I currently am trying some cherry smoke on aged swiss, sharp cheddar and some colby jack! Thought I would try something that might be a little different! So anyone else try things out of the box??


----------



## scarbelly (Nov 28, 2010)

How are you smoking it?  What process are you using and what temps ?

I have used old wine barrel and old whisky barrel along with pecan, maple, orange and apple


----------



## tjohnson (Nov 28, 2010)

I use Apple, Maple and Cherry

Fruitwoods seems to work better for me.

Hickory can have a little too much bite for me, but it's your cheese, try something different.

To really appreciate the flavor, you're gonna have to wrap it up and tuck it away in the fridge for 10 days or more, so the smoke can mellow and sink into the cheese.

Todd


----------



## jojo22 (Nov 29, 2010)

I used a cardboard box, tin can, and a soldering iron, temp stayed 72 to 80 I would think (swiss didn't melt) but I didn't have a probe in, just peeked in the vent from time to time. I let it smoke for about 4 hours, having to re-load my can once!

TJohnson, thanks for the tip about the waiting, now I know I can dip into it at 10 days to test!! 

I tried to post a qview, but for some reason the "insert image" button would not do what it says, so I don't know what to do to post pics!


----------



## dale5351 (Nov 29, 2010)

A while back I did a test run with three types of sawdust from Todd and a number of types of cheese.  I had wine barrel oak, whiskey barrel oak and peach.  To tell the truth, the differences between them were subtle at best, at least to my taste buds.  Much more difference in the types of cheeses.   Colby Jack, sharp cheddar and jalapeno jack were all excellent.  Mozzarella was our least favorite.

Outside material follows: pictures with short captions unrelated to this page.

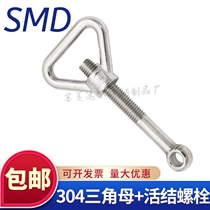 304 stainless steel joint Bolt triangle nut loose knot screw fisheye Bolt M12 M14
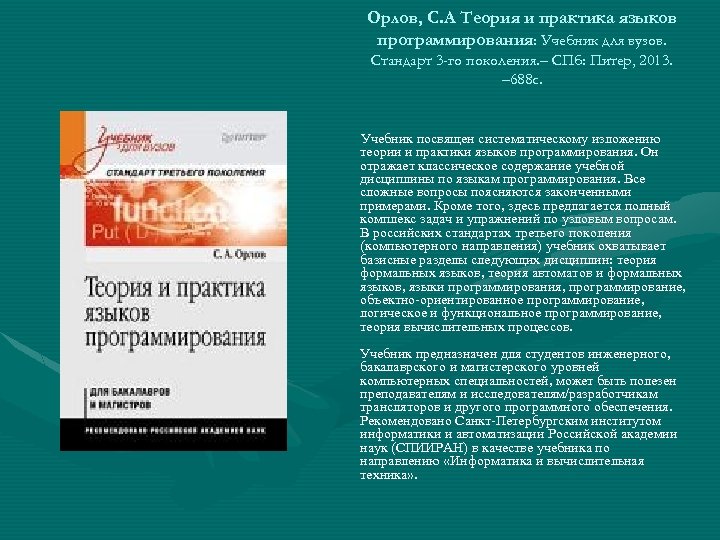 Орлов, С. А Теория и практика языков программирования: Учебник для вузов. Стандарт 3 -го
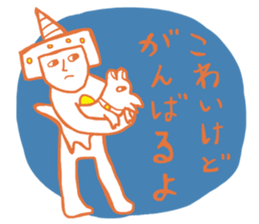 Sticker of rice ball boy sticker #3655110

I like a good aged Swiss, but somehow don't think I'd like it smoked.  Ditto on a very sharp cheddar (e.g. 5+ years old).  For both of them, I'd rather just savor the natural flavor.


----------



## scarbelly (Nov 29, 2010)

jojo22 said:


> I used a cardboard box, tin can, and a soldering iron, temp stayed 72 to 80 I would think (swiss didn't melt) but I didn't have a probe in, just peeked in the vent from time to time. I let it smoke for about 4 hours, having to re-load my can once!
> 
> TJohnson, thanks for the tip about the waiting, now I know I can dip into it at 10 days to test!!
> 
> I tried to post a qview, but for some reason the "insert image" button would not do what it says, so I don't know what to do to post pics!

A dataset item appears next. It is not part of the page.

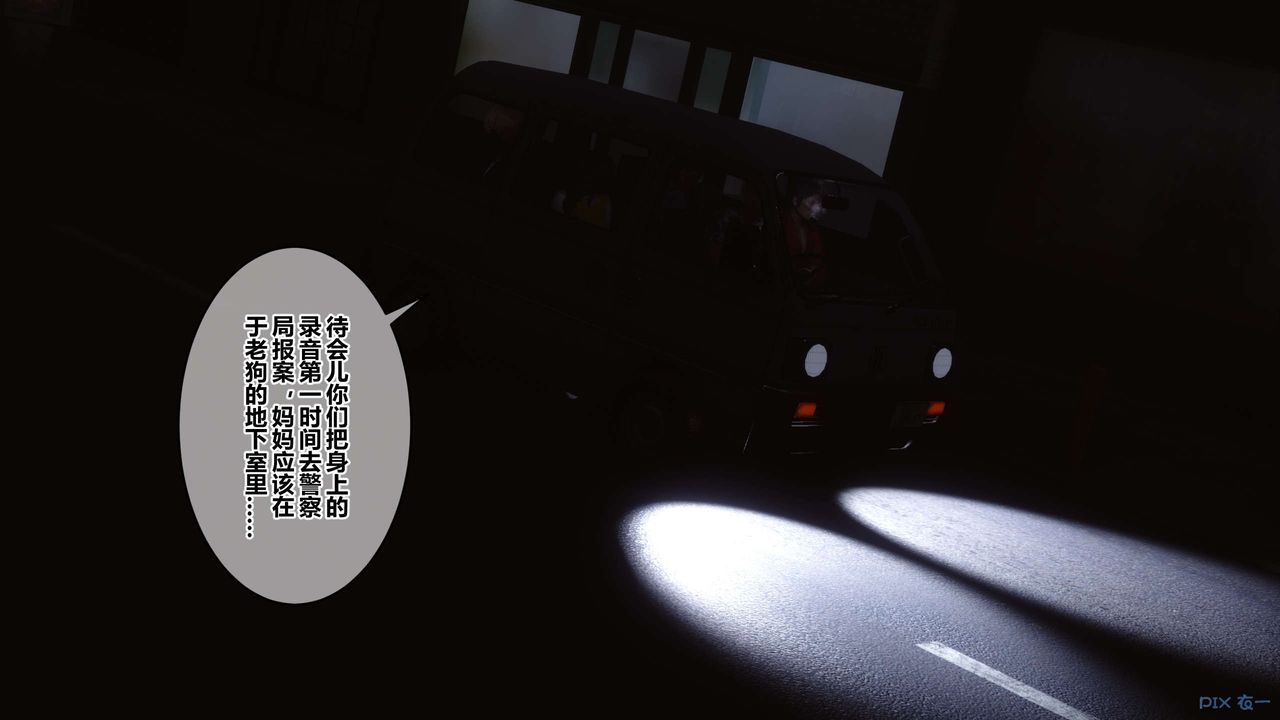 [3D]秘密高清無碼版第76話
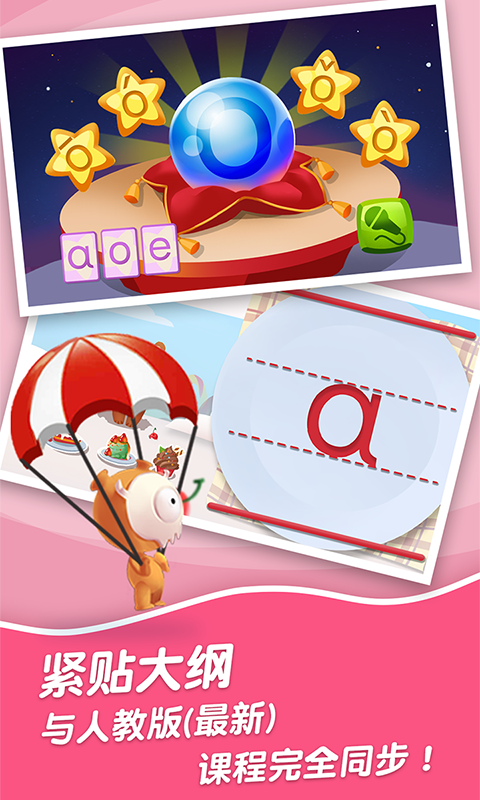 哈啰拼音截圖預(yù)覽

Yes the waiting is the hard part. The one cheese you can eat right away is fresh mozzarella and it is awesome smoked


----------



## jojo22 (Nov 29, 2010)

Cool some mozza may be on there tomorrow, however I must admit, neither I nor the wife could wait, we tested the aged swiss, and I must say if it gets better with age I CAN"T WAIT!!! It was really good!


----------



## jojo22 (Nov 29, 2010)

dale5351 said:


> A while back I did a test run with three types of sawdust from Todd and a number of types of cheese.  I had wine barrel oak, whiskey barrel oak and peach.  To tell the truth, the differences between them were subtle at best, at least to my taste buds.  Much more difference in the types of cheeses.   Colby Jack, sharp cheddar and jalapeno jack were all excellent.  Mozzarella was our least favorite.
> 
> I like a good aged Swiss, but somehow don't think I'd like it smoked.  Ditto on a very sharp cheddar (e.g. 5+ years old).  For both of them, I'd rather just savor the natural flavor.




HUH?? Have to give it a go with some different types of wood and see if I can tell the difference!! Might make a good project some Sunday!


----------